National museum for western arts at Tokyo

国立西洋美術館

National museum for western arts at Tokyo
Architect: Le Corbusier
Address: 7-7 Ueno-Koen, Taito-Ku, Tokyo, Japan
Project:1955
Completion:1957-59, 1979, 1997
Area:4399 m2
Built Up Area:1587 m2


A wealthy Japanese resident in Paris, M. Matsukata, had amassed an imposing collection of Impressionist art, both painting and sculpture. During the war of ‘39 this collection was considered as a war prize by the French government. After successful negotiations, the collection was restored to the Japanese government on the condition that it be housed in a new building in Tokyo which shall be called “The National Museum of Fine Arts of the West”, with the intention of acquainting the Japanese public, in a scientific manner, with the past, present and future evolution of western art, starting with Impressionism.
The Japanese government called upon Le Corbusier to construct this museum.
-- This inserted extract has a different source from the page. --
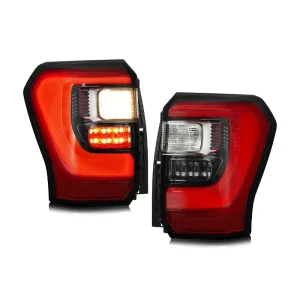 12V LED Taillight Assembly with Brake Turn Signal Rear Reverse Taillights for Ford Expedition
They provided a site in a park already occupied by the Museums of Natural History, of Fine Arts, of Science, etc... This site is covered with beautiful trees; it is located on the edge of a plateau dominating Tokyo and profiting by an unlimited panorama of the city.
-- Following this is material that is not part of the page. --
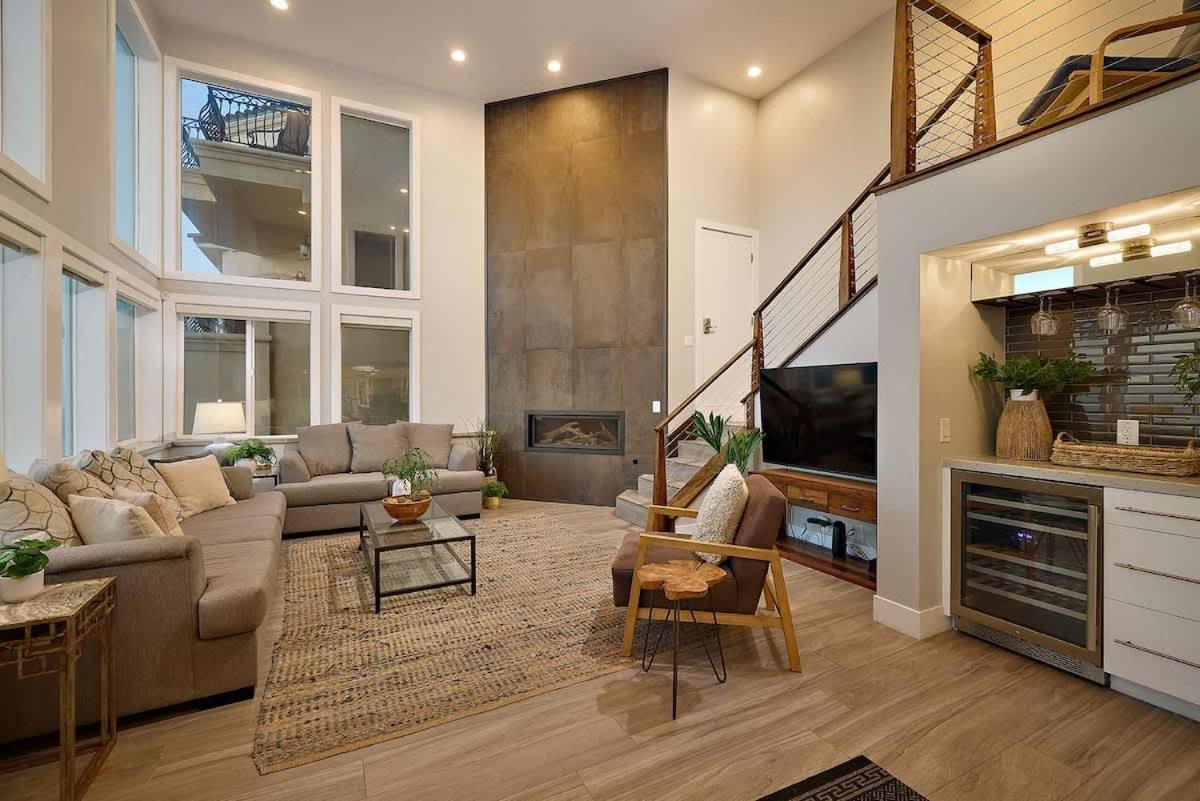 Ocean Front Walk Villa San Diego Exterior photo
Le Corbusier, pursuing studies dating back more than 25 years, has installed on this site a version of the "square spiral museum“. But he is accompanying it with a Pavilion for Temporary Exhibitions and a building dedicated to the theatre and to theatrical experiments which he long ago christened: “Box of Miracles". This ensemble constitutes, according to the desire of the Japanese government, a cultural center. It follows directly from studies made in 1950 for the site of the Porte Maillot in Paris, an attempt which came to grief through certain impatiences and voracities ...
Here in Tokyo, the Museum itself was executed by two Japanese architects, who, in 1928, in 1931 and finally after the war had worked for a long time at 35 Rue de Sèvres: Maekawa and Sakakura.
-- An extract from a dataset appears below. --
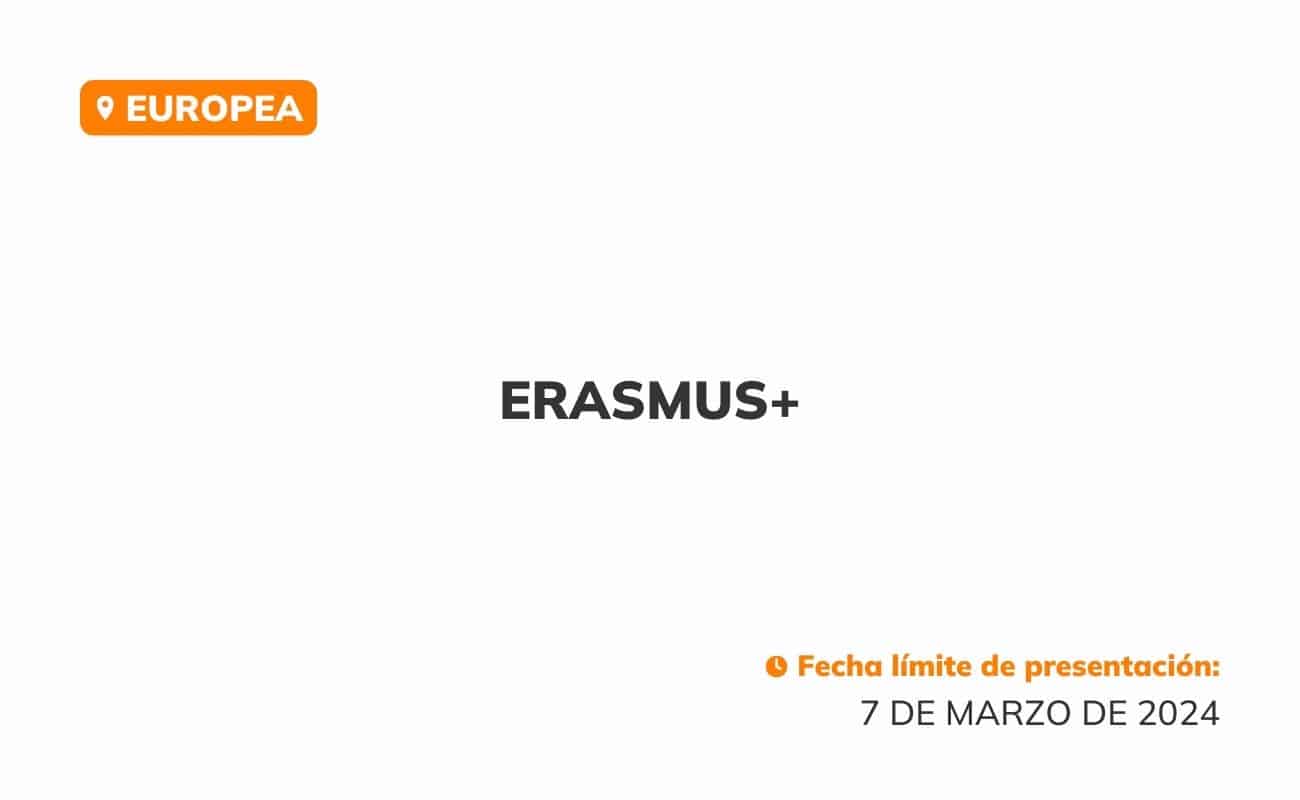 Erasmus+ — Europea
The composition, although well unified, allows to each of the buildings, which are so fundamentally different, the integrity of its own character.
This museum in Tokyo is of the type of Museums of Unlimited Growth invented by Le Corbusier in 1930 and which has appeared on his plans for many cities.
One enters the ground floor between the columns. The door is in the center of the building, opening onto the Hail which contains the central column of the museum. After walking up the ramp one arrives at the level of the museum itself 16’5” above the ground; the height of this room is about 16’5”, which is divided in two in certain areas: 7’5” + 7’5” forming structural braces in the shape of a swastika. This swastika always leads the visitors to the central point of the Museum and thence down the ramp towards the exit. At each branch of the swastika, on the other hand, located on the same level as the halls of the Museum, are exit doors leading to the garden or to the park.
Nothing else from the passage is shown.